Image-caption web data:
---------------

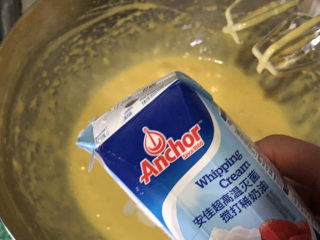 4、重芝士蛋糕杯,加入淡奶油拌打均匀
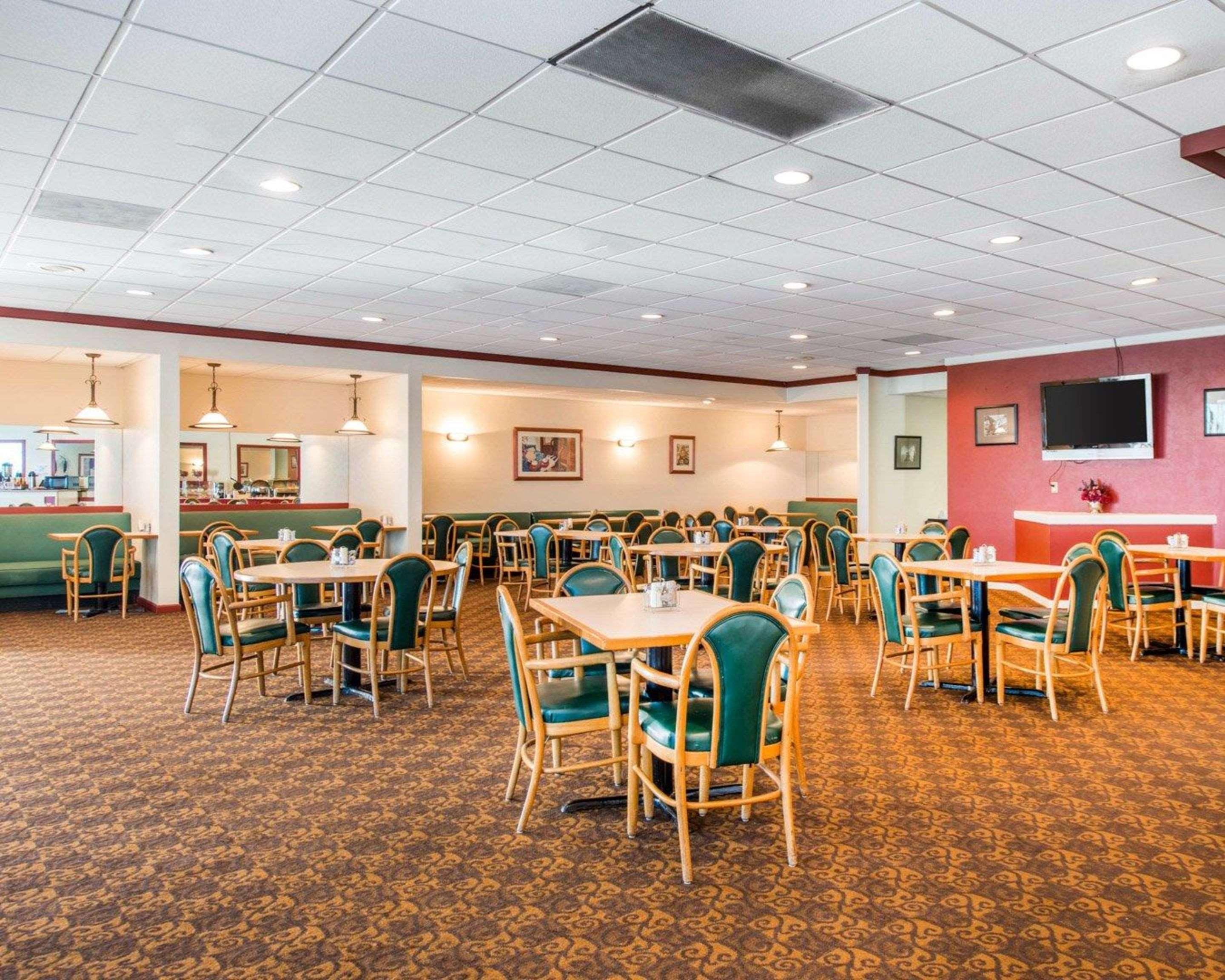 Clarion Inn Pueblo Bagian luar foto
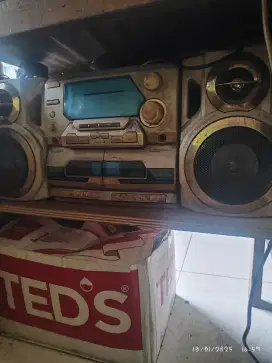 Radio tape jadul polytron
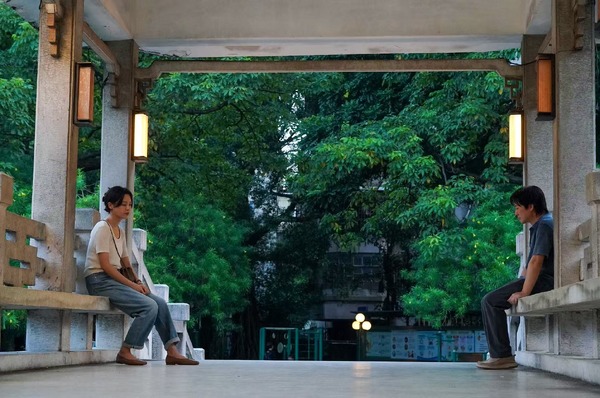 『太陽は我らの上に』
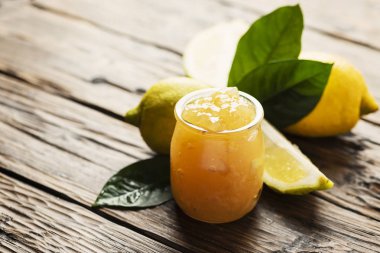 Ev yapımı limon reçel ve ahşap masa, seçici odak üzerinde taze limon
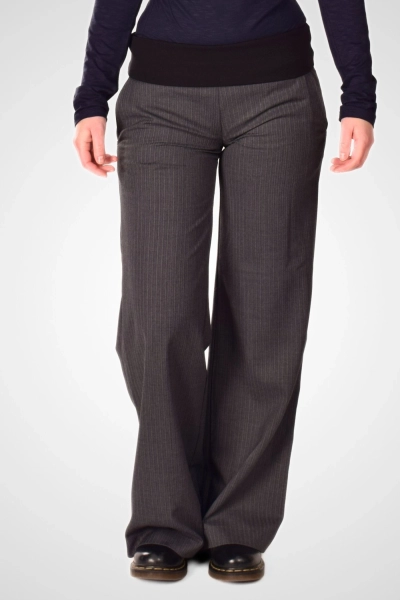 Frontansicht der Wide Leg Hose "Queen" mit elastischem Bund und geradem, weitem Bein in fließender Qualität.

---------------

HOW TO COMPLETE THIS TASK
With the pictures excluded, the line containing "Clarion Inn Pueblo Bagian luar foto" and every line after it through the end of the data above are to be transcribed exactly, and nothing more.

FINISHED EXERCISE
 Clarion Inn Pueblo Bagian luar foto
 Radio tape jadul polytron
 『太陽は我らの上に』
 Ev yapımı limon reçel ve ahşap masa, seçici odak üzerinde taze limon
 Frontansicht der Wide Leg Hose "Queen" mit elastischem Bund und geradem, weitem Bein in fließender Qualität.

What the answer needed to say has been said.